Skeletal dosimetry in a voxel‐based rat phantom for internal exposures to photons and electrons

Abstract

The skeleton makes a significant contribution to the whole body absorbed dose evaluation of rats, since the bone marrow and bone surface in the skeleton express high radiosensitivity and are considered to be important dose-limiting tissues. The bone marrow can be categorized as red bone marrow (RBM) and yellow bone marrow (YBM). It is important to investigate the bone marrow in skeletal dosimetry. Cryosectional color images of the skeleton of a 156 g rat were segmented into mineral bone (including cortical bone and trabecular bone), RBM, and YBM. These three tissue types were identified at 40 different bone sites and integrated into a previously developed voxel-based rat computational phantom. Photon and electron skeletal absorbed fractions were then calculated using the MCNPX Monte Carlo code. Absorbed fraction (AF) and specific absorbed fraction (SAF) for mineral bone, RBM, and YBM at the 40 different bone sites were established for monoenergetic photon and electron sources placed in 18 organs and seven bone sites. Discrete photon energy was varied from 0.01 to 5.0 MeV in 21 discrete steps, while 21 discrete electron energies were studied, from 0.1 to 10.0 MeV. The trends and values found were consistent with the results of other researchers [M. G. Stabin, T. E. Peterson, G. E. Holburn, and M. A. Emmons, "Voxel-based mouse and rat models for internal dose calculations," J. Nucl.

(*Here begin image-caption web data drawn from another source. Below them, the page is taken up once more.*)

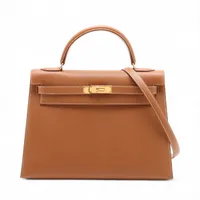 エルメス ケリーセリエ32 クシュベル ナチュラル ゴールド金具 ○U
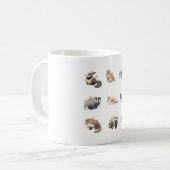 Mug Les animaux adorent � art animal mignon (Devant gauche)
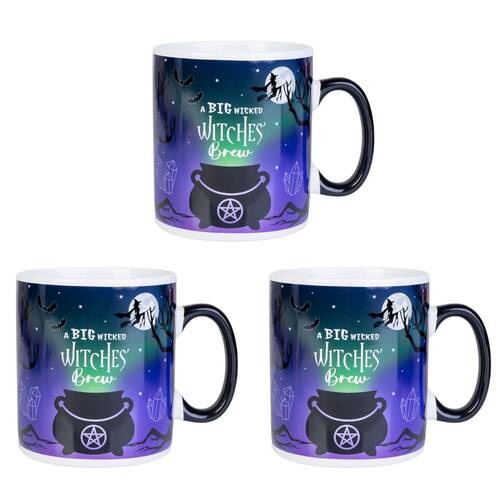 3PK MDI Giant Mug Witches Cauldron Drinkware Coffee Mug Purple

Med. 47, 655-659 (2006)]. S-factors for the radionuclides 169Er, 143Pr, 89Sr, 32P, and 90Y, located in 18 organs and seven bone sites for the skeleton, were calculated and are provided in detail. For internal dose calculations, the AF data reveal that the mineral bone in the rat skeletal system is responsible for significant attenuation of gamma rays, especially at low energies. The photon SAF curves of RBM show that, for photon energies greater than 0.6 MeV, there is an increase in secondary photons emitted from the mineral bone as photon energy increases. The SAF values calculated in this study can also be used to determine the absorbed dose to the skeletal system of rats. The S-factors generated here will be useful in preclinical targeted radiotherapy experiments.